Image-text web data:
--
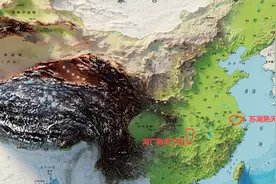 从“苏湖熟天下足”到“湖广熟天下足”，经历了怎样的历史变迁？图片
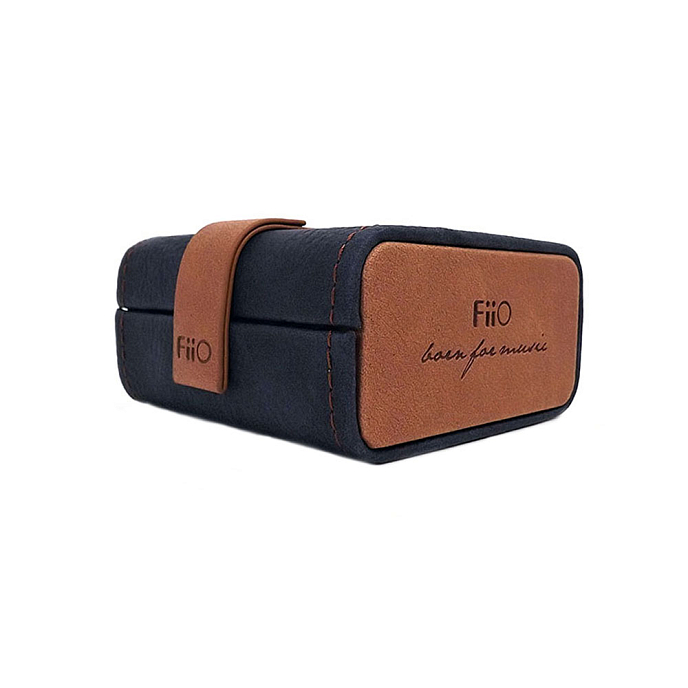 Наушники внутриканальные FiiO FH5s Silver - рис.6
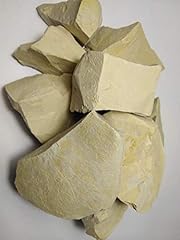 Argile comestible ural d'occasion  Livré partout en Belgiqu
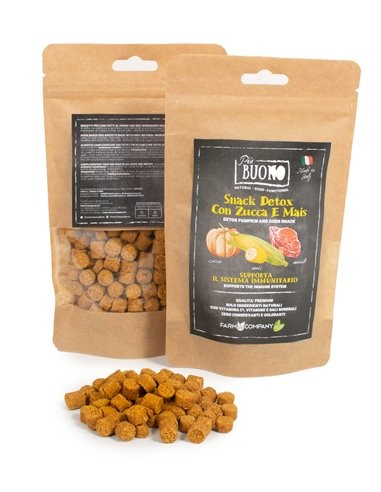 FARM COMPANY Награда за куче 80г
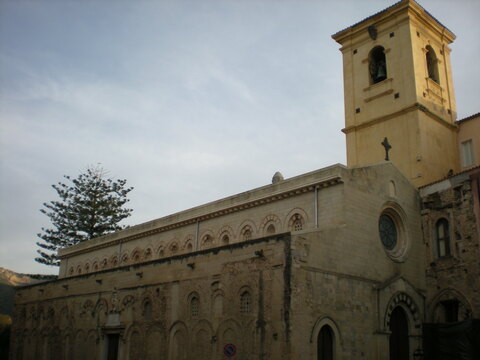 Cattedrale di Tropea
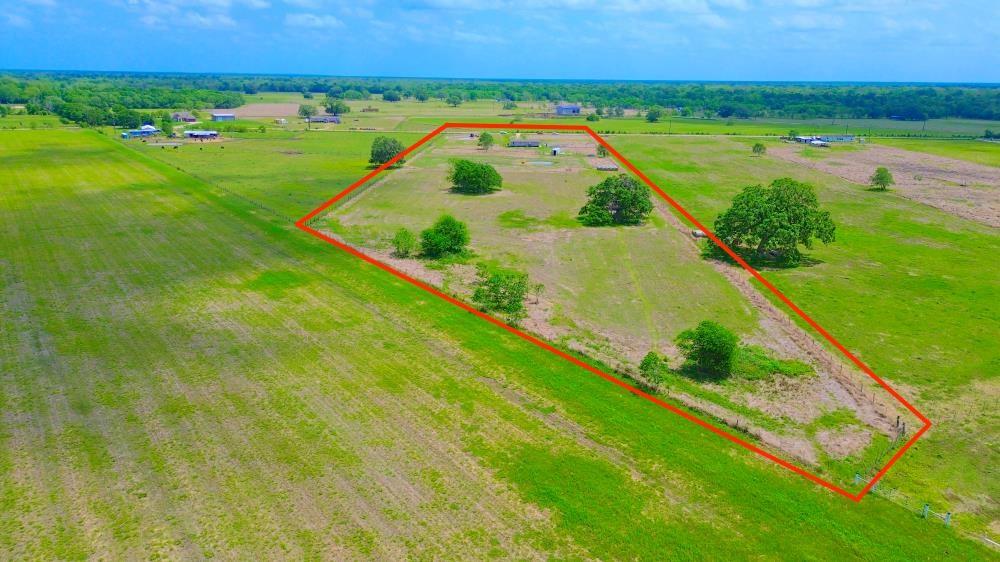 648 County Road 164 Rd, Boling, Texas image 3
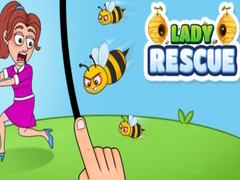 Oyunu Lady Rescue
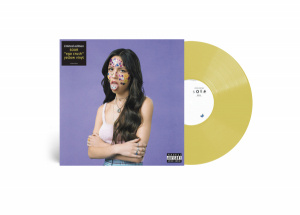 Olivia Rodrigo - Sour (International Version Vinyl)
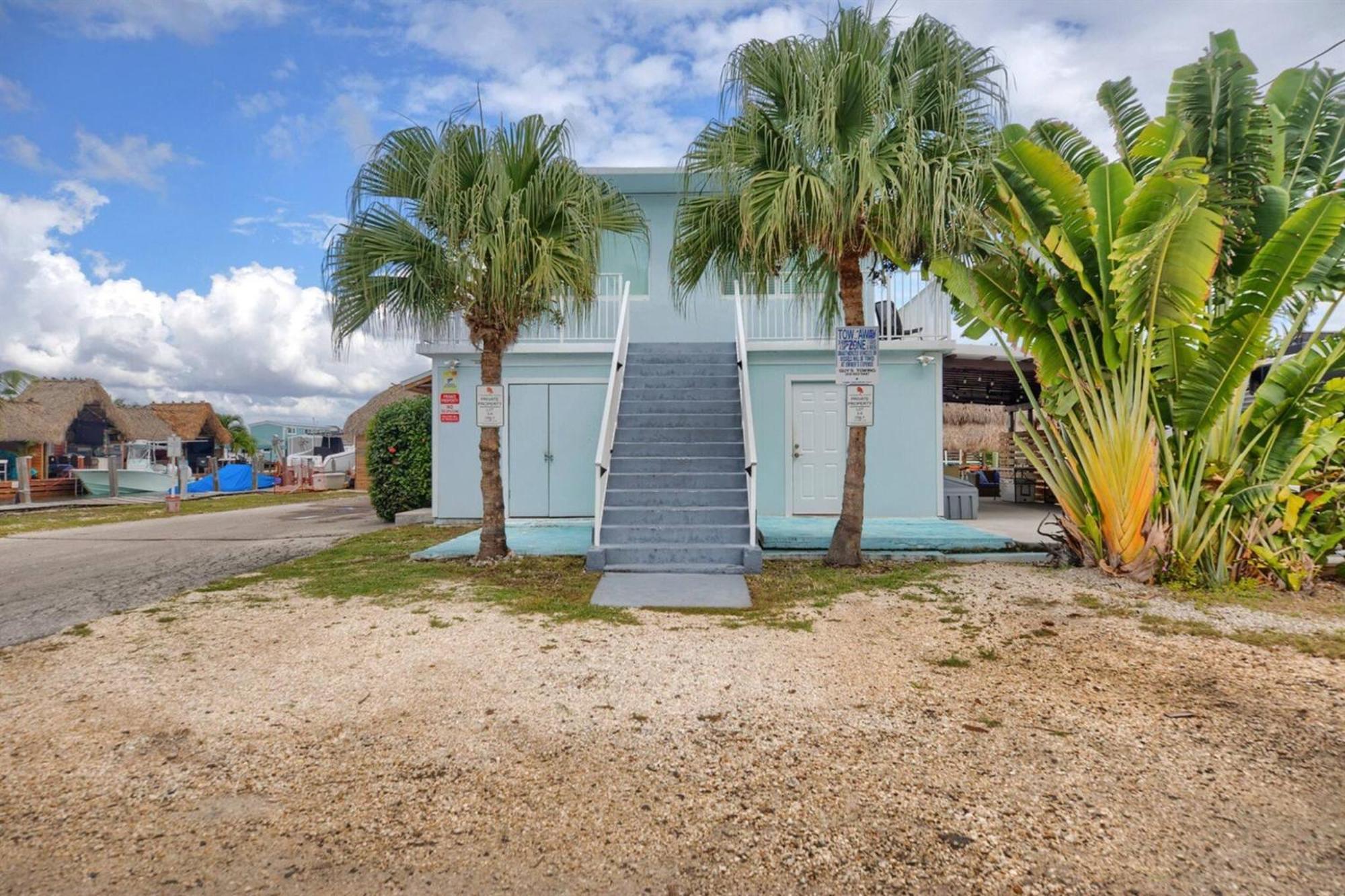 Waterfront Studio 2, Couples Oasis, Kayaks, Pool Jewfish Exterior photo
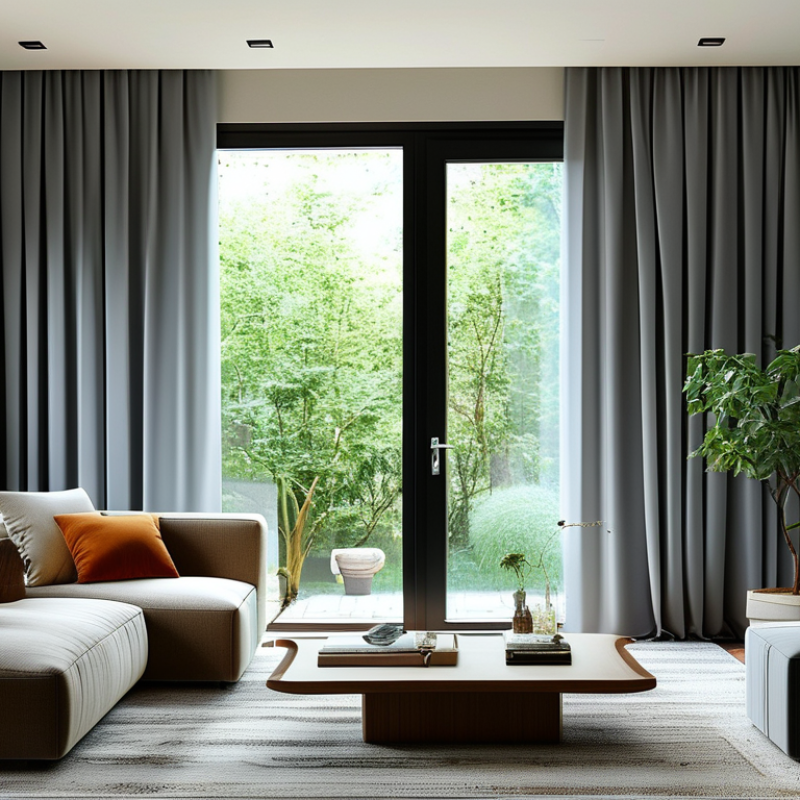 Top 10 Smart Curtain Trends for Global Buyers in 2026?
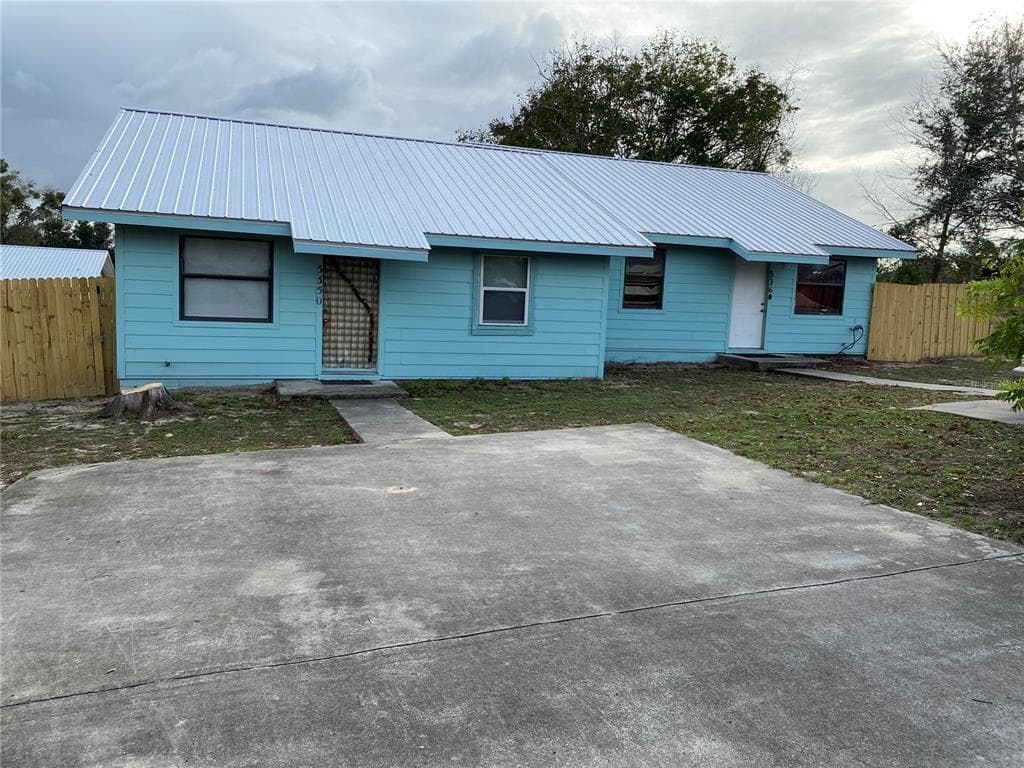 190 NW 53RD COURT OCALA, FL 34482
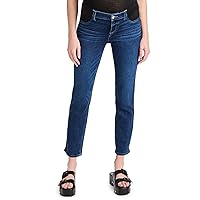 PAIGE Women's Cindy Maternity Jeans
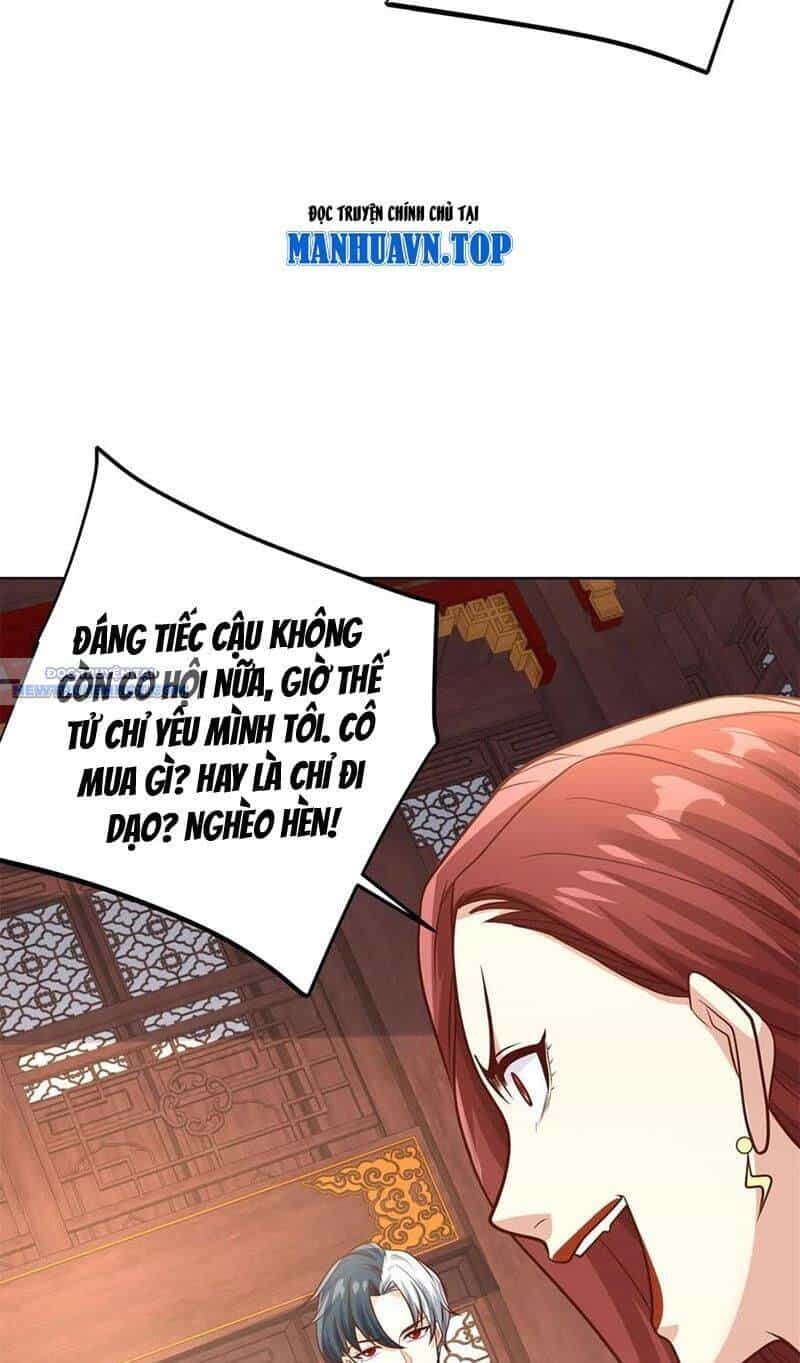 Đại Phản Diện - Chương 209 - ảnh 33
--
**Task goal:** Repeat each record as given. No picture belongs in the copy.

**Output of the exercise:**
 从“苏湖熟天下足”到“湖广熟天下足”，经历了怎样的历史变迁？图片
 Наушники внутриканальные FiiO FH5s Silver - рис.6
 Argile comestible ural d'occasion  Livré partout en Belgiqu
 FARM COMPANY Награда за куче 80г
 Cattedrale di Tropea
 648 County Road 164 Rd, Boling, Texas image 3
 Oyunu Lady Rescue
 Olivia Rodrigo - Sour (International Version Vinyl)
 Waterfront Studio 2, Couples Oasis, Kayaks, Pool Jewfish Exterior photo
 Top 10 Smart Curtain Trends for Global Buyers in 2026?
 190 NW 53RD COURT OCALA, FL 34482
 PAIGE Women's Cindy Maternity Jeans
 Đại Phản Diện - Chương 209 - ảnh 33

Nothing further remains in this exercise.